» WHAT THE TASK ASKS
Excluding pictures, give the entries again exactly as they appear.

[Image-text web data]
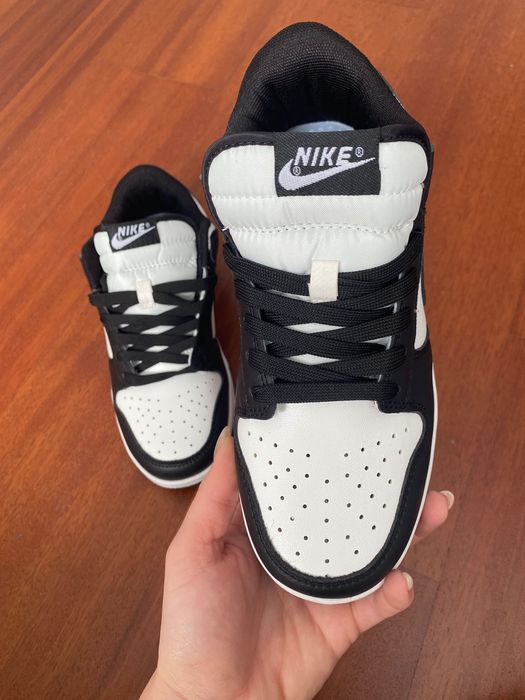 Nike Low Dunk Novas (Tam 39)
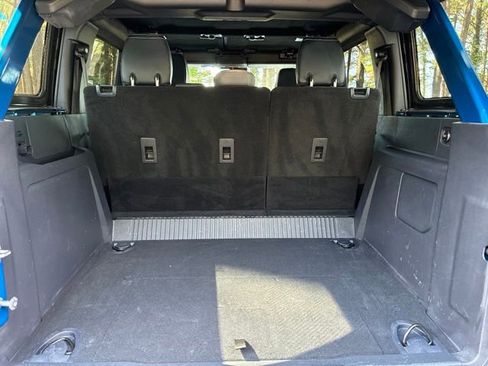 Used 2021 Ford Bronco Outer Banks AWD/4WD image 18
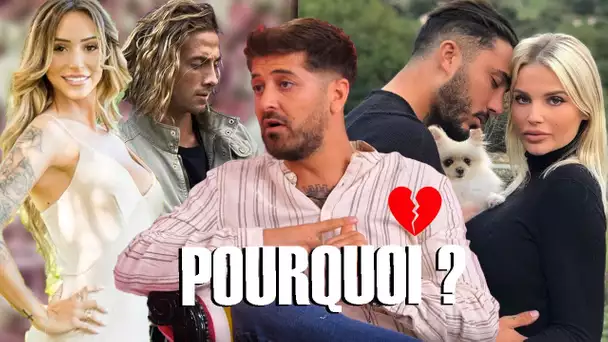 Antonin (La Villa 6) dévoile pourquoi des couples formés en télé se séparent après le tournage !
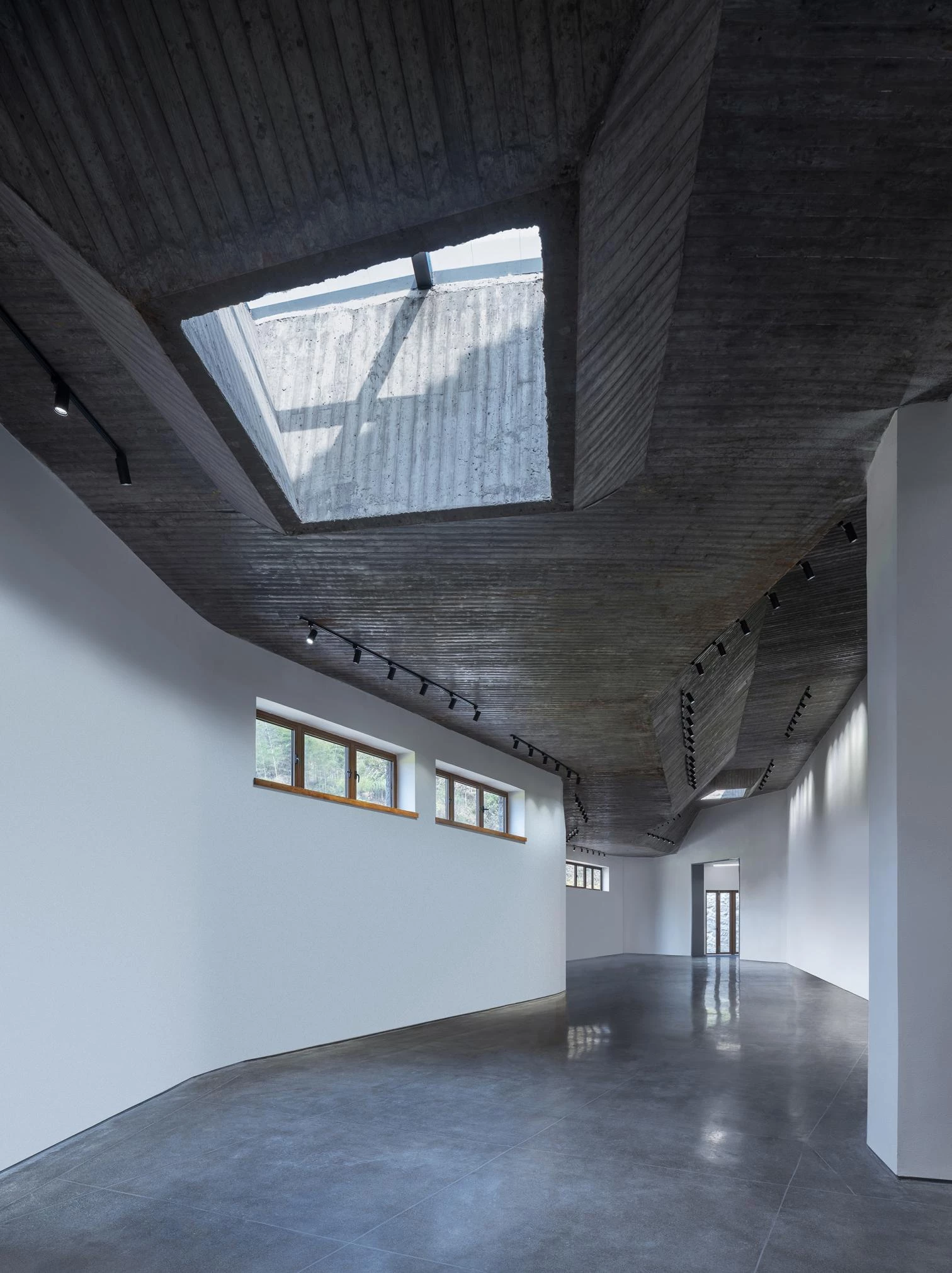 Qingxi Culture and History Museum in Sangzhou
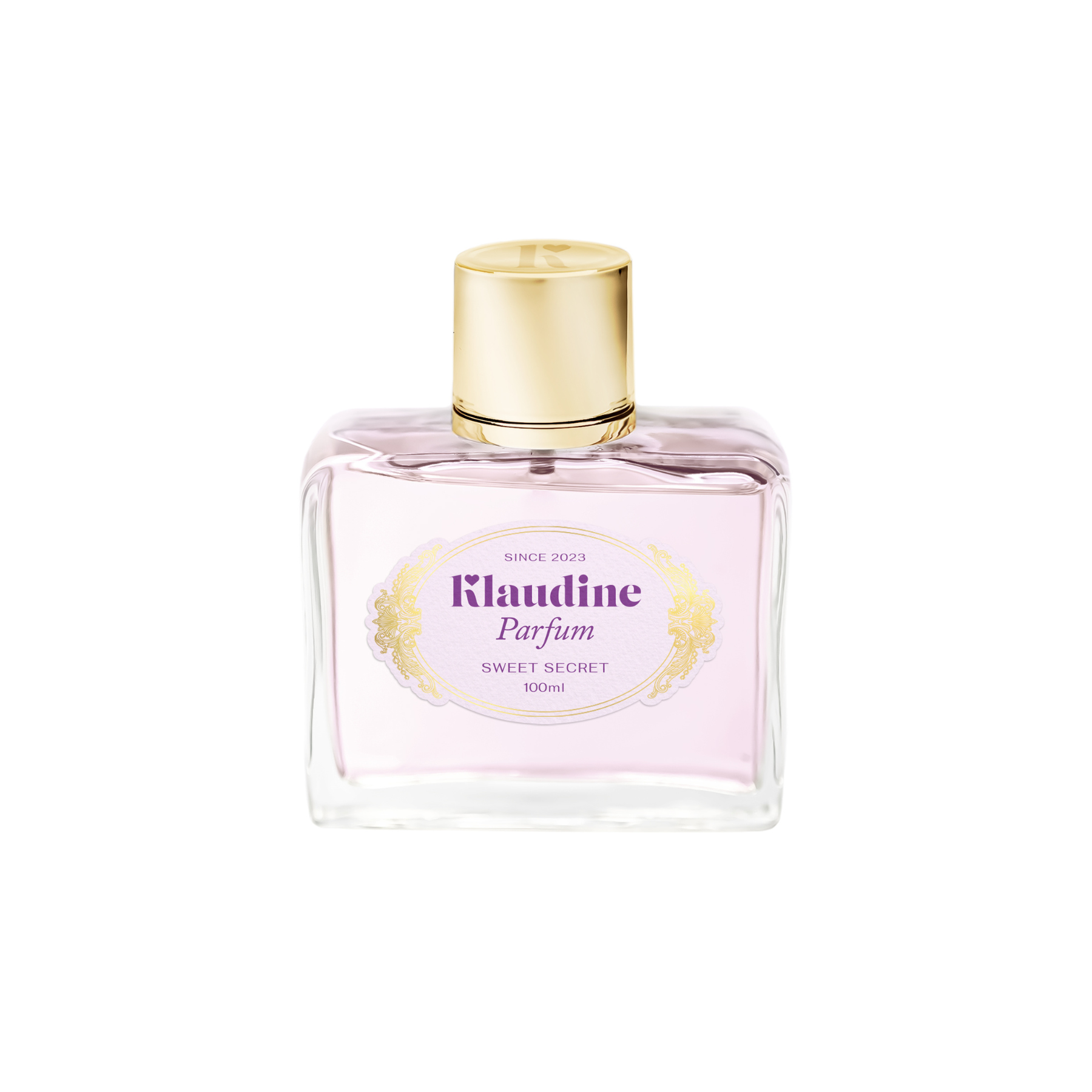 Klaudine Beauty Sweet Secret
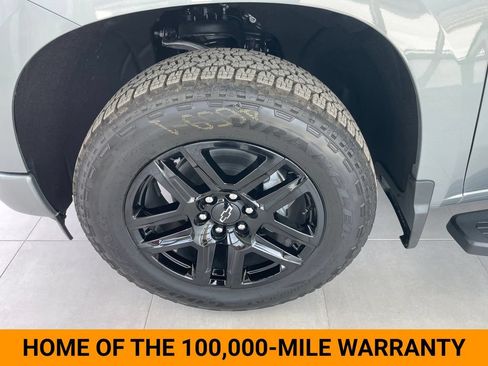 New 2026 Chevrolet Silverado 1500 RST w/ Z71 Off-Road Package AWD/4WD image 23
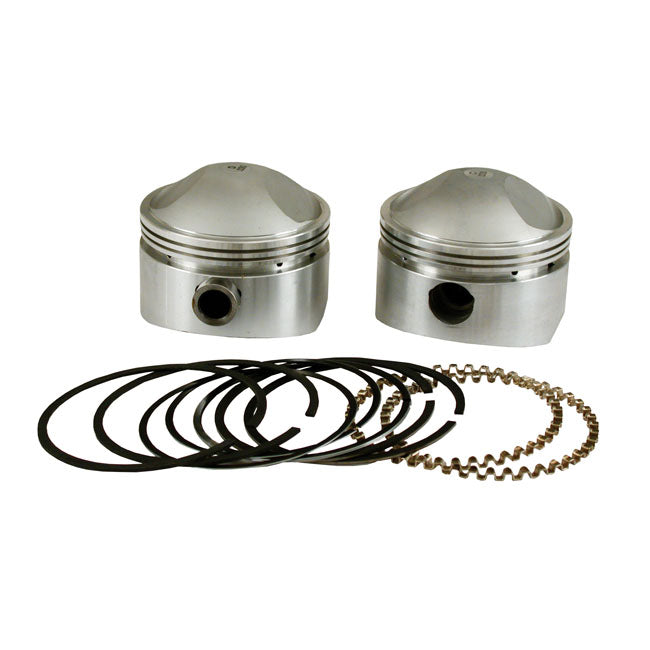 S&S Forged Piston Kit oversize .050" 1936-79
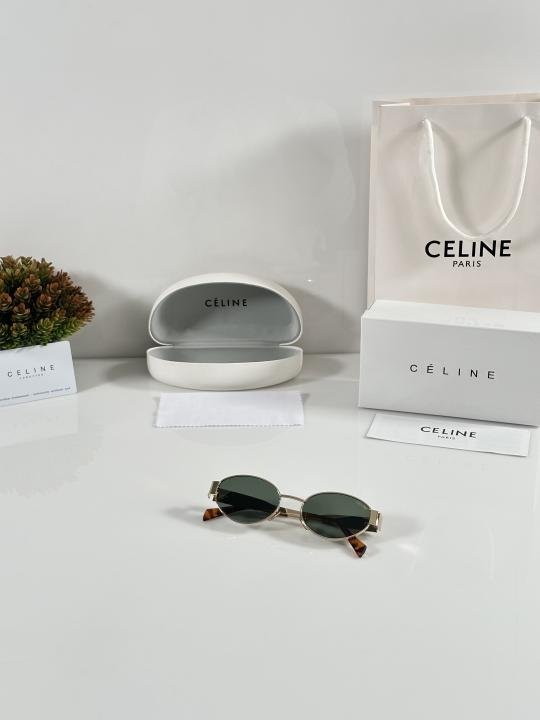 Celine WMNS 1006 Gold Green - Image 2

» OUTPUT FOR THIS EXERCISE
 Nike Low Dunk Novas (Tam 39)
 Used 2021 Ford Bronco Outer Banks AWD/4WD image 18
 Antonin (La Villa 6) dévoile pourquoi des couples formés en télé se séparent après le tournage !
 Qingxi Culture and History Museum in Sangzhou
 Klaudine Beauty Sweet Secret
 New 2026 Chevrolet Silverado 1500 RST w/ Z71 Off-Road Package AWD/4WD image 23
 S&S Forged Piston Kit oversize .050" 1936-79
 Celine WMNS 1006 Gold Green - Image 2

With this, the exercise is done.